There is surprisingly little documented system design knowledge on the public web about designing a server-based speech recognition system.

As the MLCommons Inference Reference Benchmark owner for Automatic Speech Recognition (ASR), I would like to write something about this that others could refer to. The current MLCommons ASR inference benchmark is not reflective of industry use cases for multiple reasons right now that I won’t get into here.

It is straightforward to use a scale-out, shared-nothing CPU approach. Essentially, a reverse proxy like NGINX would assign a sticky connection based on cookie (or some sort of user ID) to a particular single-core CPU host. This CPU host would run the speech recognition model (i.e., the acoustic and language models). There would be no batching or multi-tenancy whatsoever.

It is worth noting that you may want a log-based queueing system like Kafka between the client and the ASR servers. For example, if you want to do speaker diarization, to detect who is speaking when, it is typical for a totally different model to do that. In addition, this is a safe-guard against. Finally, by saving the input audio, you can replay particular challenging inputs against your system. Be aware of GDPR complications regarding saving this user data, though.

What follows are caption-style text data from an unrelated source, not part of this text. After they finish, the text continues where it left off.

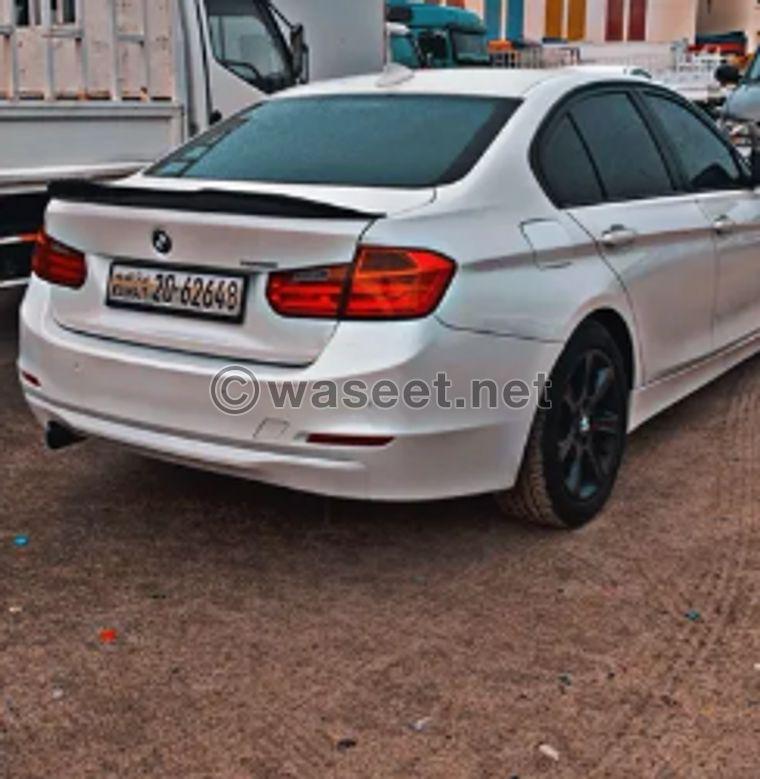 للبيع BMW 320i توين تيربو موديل 2012 1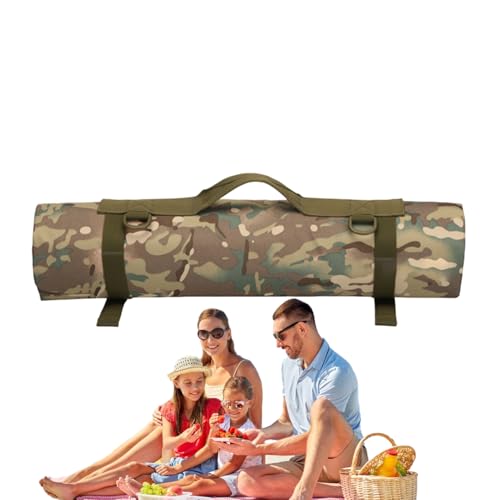 weiting Picknickdecke,Strandpicknickdecke - wasserdichte Kompakte Sandabweisende Unterlage Mit Tragegriff Für Rasen Urlaub See Kinder Erwachsene Familie Outdoor von weiting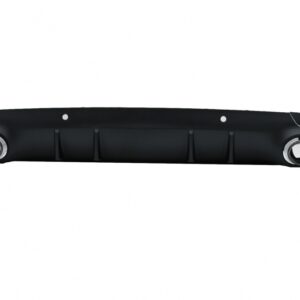 Rear Diffuser with Black Exhaust Tips suitable for Mercedes CLS-Class C257 (2018+) CLS53 Design Night Package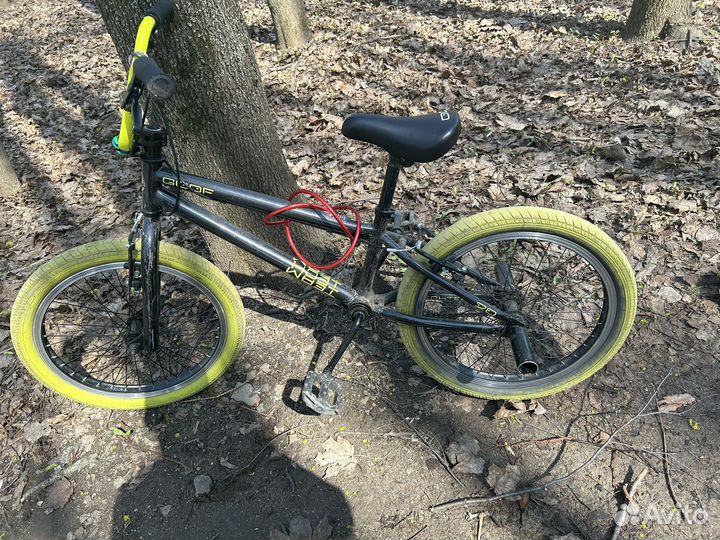 Велосипед BMX TechTeam Goof с диаметром колеса 20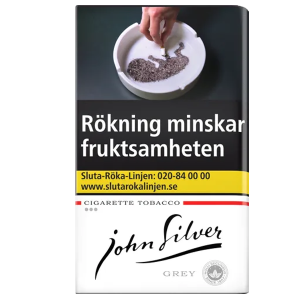 Rollingtobacco- John Silver Grey 35g
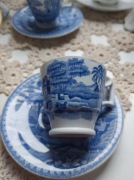 Copeland spode's Tower england filiżanka ze spodkiem porcelana angielska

You should also consider whether your model should output the most likely transcript, or something lower level, like a “lattice” (a compact representation of the n-best transcripts). Consider that your product is a “meeting intelligence service” that does live transcription (e.g., for hard of hearing people or those who can read better than they can hear), followed by creating a searchable index of what was said in the meeting that participants can refer back to. The searchable index requires an n-best list in order to be able to select words that are not in the best list, but perhaps in the second or third best list. You can refer to this paper to learn more. In addition, it’s common to do an offline “rescoring” of the first online output lattice to create a “better” one. I can’t find a concise definition of this, though.

Finally, the low-latency requirement of streaming speech recognition is at odds with accurate speech recognition in a very particular way. It is well known in the literature that increasing the “right context” of your acoustic model will improve its accuracy. Right context is the future audio that an acoustic model can see before it predicts what is being said right now. Concretely, a model with 100 milliseconds of right context will be able to see 100 milliseconds of audio into the future when it is predicting the grapheme, phoneme, or whatever-label-you-are-using.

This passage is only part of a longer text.